Vanlıların Dilinden Üstad Bediüzzaman
Üstad Bediüzzaman Said-i Nursinin vefatının 52. yıldönümünde üstadı Vanlı vatandaşlardan sorduk. İşte Vanlıların dilinden üstad Bedüüzzaman ve davasının yansımaları.

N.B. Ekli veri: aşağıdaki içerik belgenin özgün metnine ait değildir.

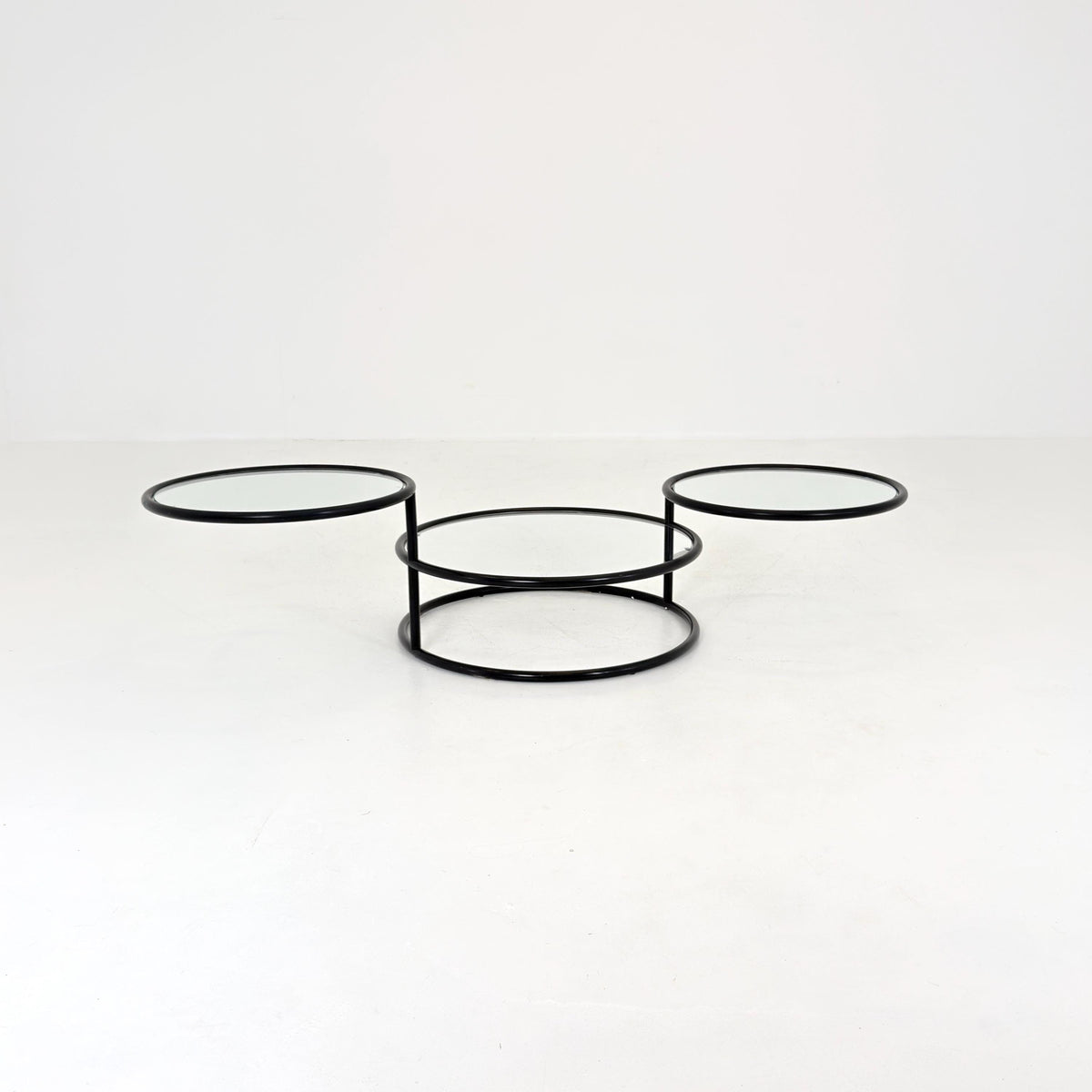 Mid-Century Black 3-Tier Swivel Coffee Table by Milo Baughman, Expandable Turntable Design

VAN - Üstad Bedüüzzaman said Nursi'nin 1960 yılında Urfa'da vefat etmesinin 52. yıl dönümünde halka üstadı sorduk işte Vanlıların dilinden 52 yıl sonra üstad Bediüzzaman Said Nursi;
"Üstadı anlatmanın yolu onu tanımaktan geçer" diyen İbrahim Hoca, "Bildiğiniz üzere üstad bu memleketin insanıdır. Buranın insanlarını iyi tanıyan asrın âlimlerindendir. İlk dersini ve terbiyesini ailesinden almıştır. Medrese derslerine ise ağabeyi Abdurahman ile başlamıştır. Belli bir zaman sonra ders aldığı ağabeyine ders vermeye başlar" şeklinde konuşarak üstadı kısaca tanıttı.
"Üstadı Bu Günlere Getiren Ne Irkı Ne Rengi Ne İsmidir"
Said-i Nursi'nin Dünyaca tanındığına ve takdir edildiğine değinen İbrahim hoca "üstad bugün dünyaca bilinen ve takip edilen bir şahsiyet olmuştur. Tabi üstadı bu günlere getiren ne ırkı ne rengi ne ismidir. Üstadı bugünlere getiren üstadın İslami şahsiyeti yani İslam davasıdır " şeklinde konuştu.
"Said Nursi'yi Bizlere Üstad Yapan Onun İslam Davasıdır"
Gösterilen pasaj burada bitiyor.